→ **Data segment**:

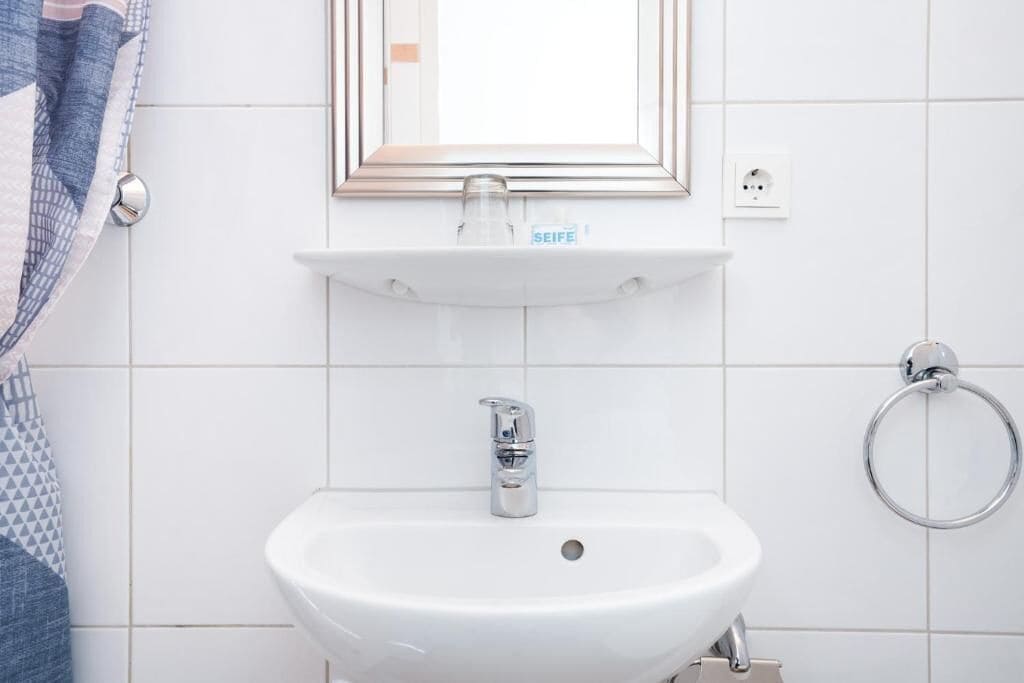 Chambre Simple Économique | Salle de bain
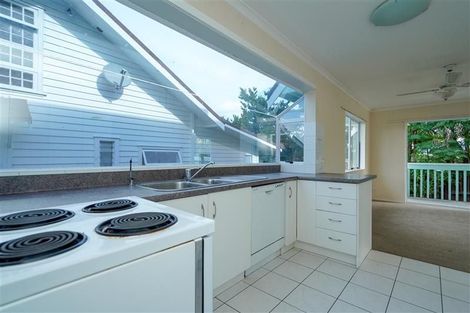 Photo of property in 1/1 Moana Avenue, Bayswater, Auckland, 0622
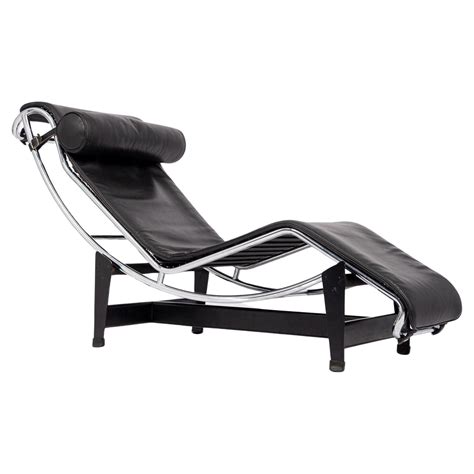 Original Cassina Black Leather Lc Chaise Lounge Chair By Le Corbusier For Sale At Stdibs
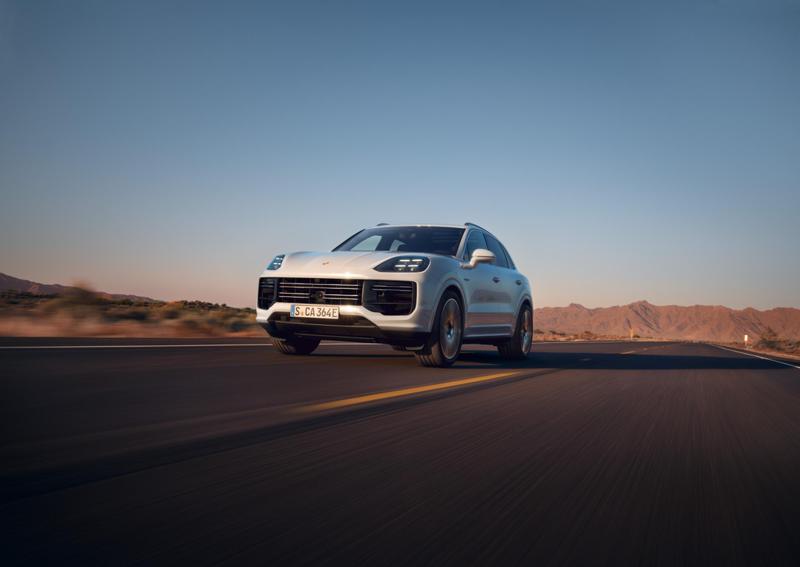 ყველა დროის ყველაზე მძლავრი Porsche Cayenne Turbo E-Hybrid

→ **Work order**: Now repeat exactly the lines from the one with "Photo of property" through the end of the listing above, both included, omitting all pictures.

→ **Result of the task**:
 Photo of property in 1/1 Moana Avenue, Bayswater, Auckland, 0622
 Original Cassina Black Leather Lc Chaise Lounge Chair By Le Corbusier For Sale At Stdibs
 ყველა დროის ყველაზე მძლავრი Porsche Cayenne Turbo E-Hybrid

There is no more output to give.